▶ [Available data]:

-------

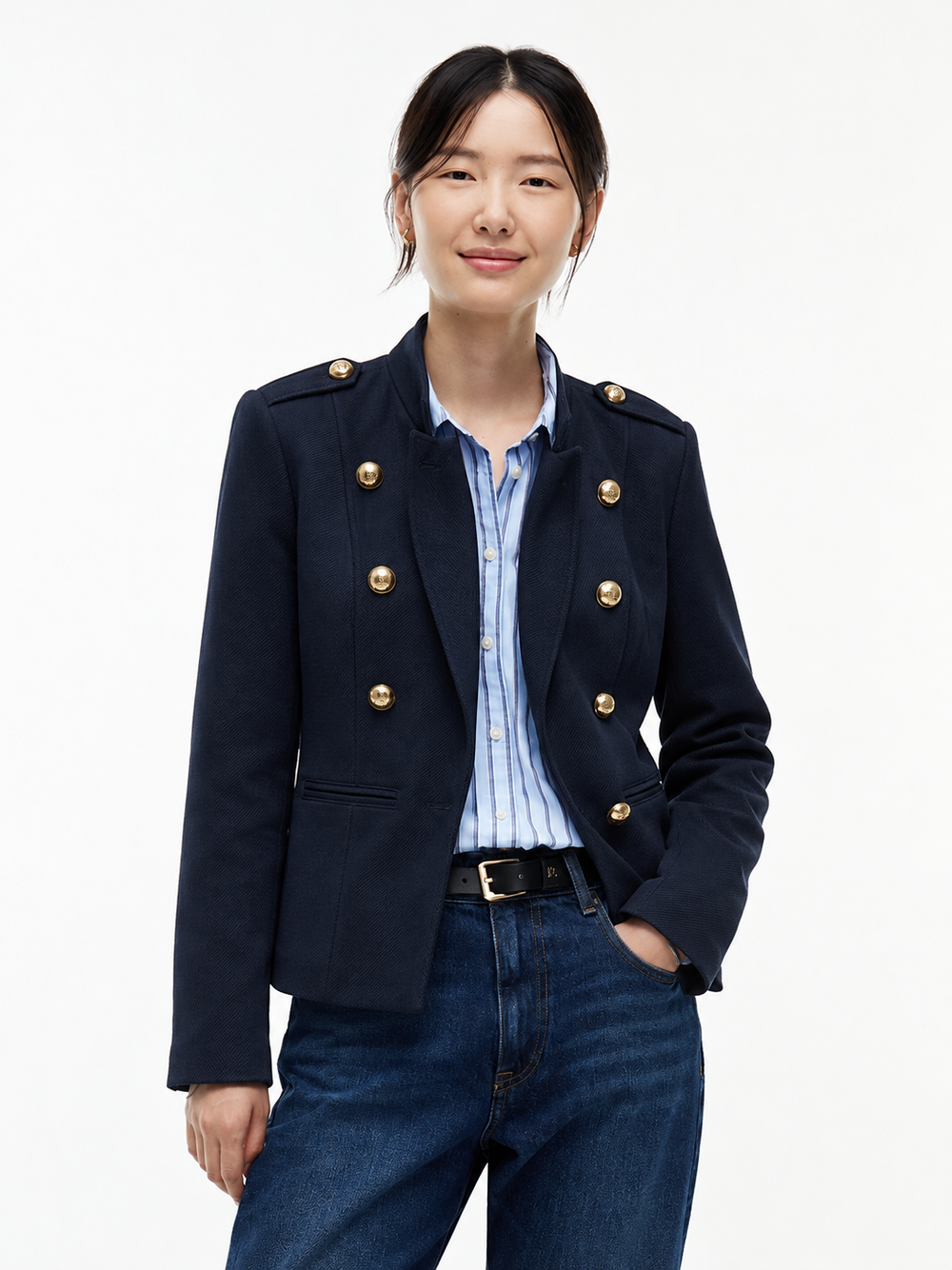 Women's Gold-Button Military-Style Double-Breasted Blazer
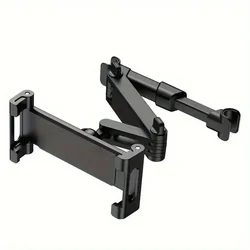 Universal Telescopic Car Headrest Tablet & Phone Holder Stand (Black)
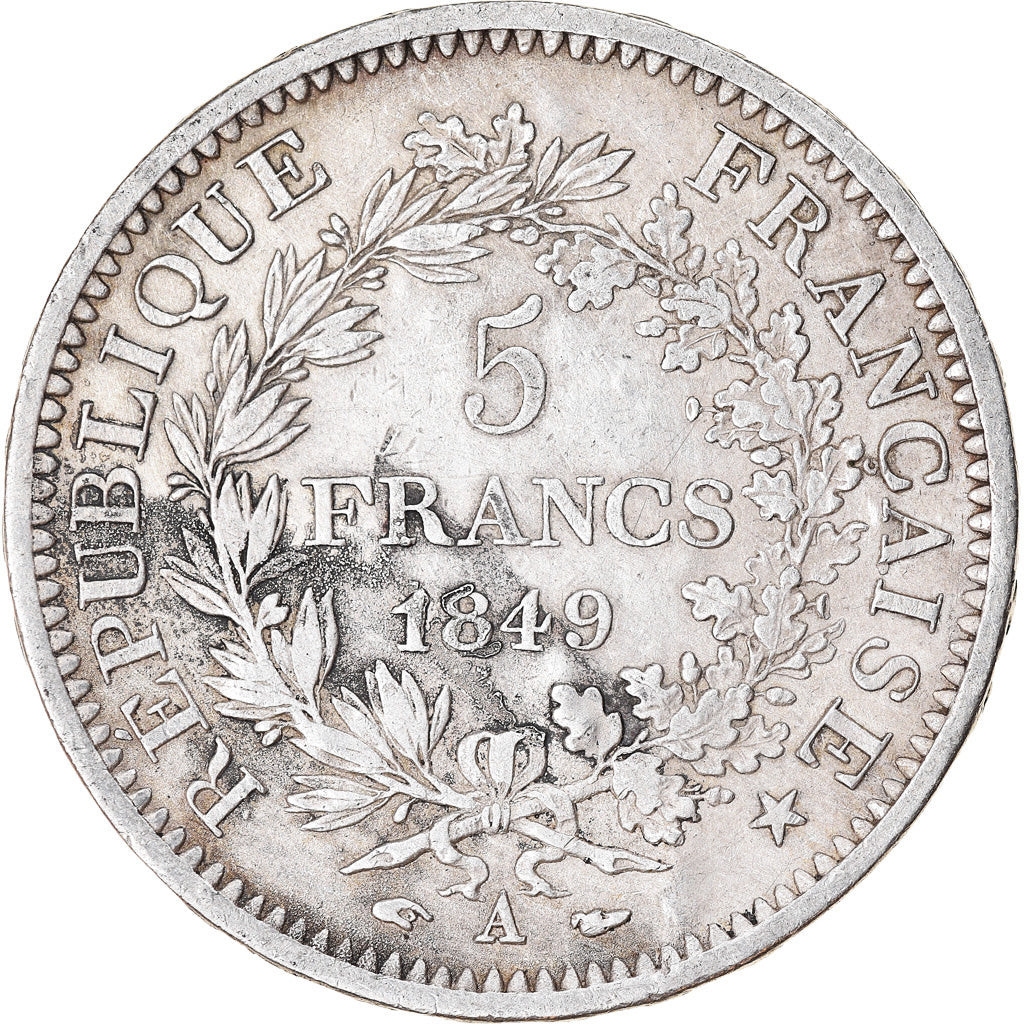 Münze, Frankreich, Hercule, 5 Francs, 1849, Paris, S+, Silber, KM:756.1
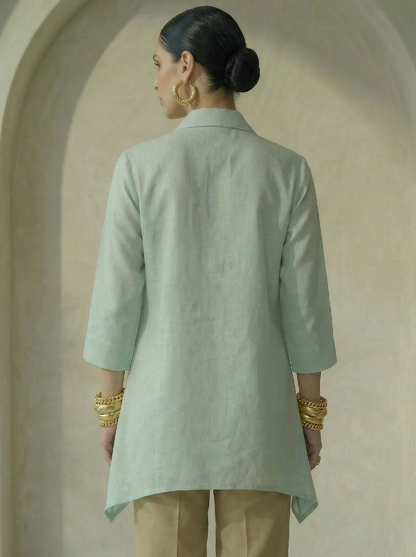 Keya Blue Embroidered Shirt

-------

▶ [Task to carry out]:
Copy every line of the data word for word, omitting the images.

▶ [Output]:
 Women's Gold-Button Military-Style Double-Breasted Blazer
 Universal Telescopic Car Headrest Tablet & Phone Holder Stand (Black)
 Münze, Frankreich, Hercule, 5 Francs, 1849, Paris, S+, Silber, KM:756.1
 Keya Blue Embroidered Shirt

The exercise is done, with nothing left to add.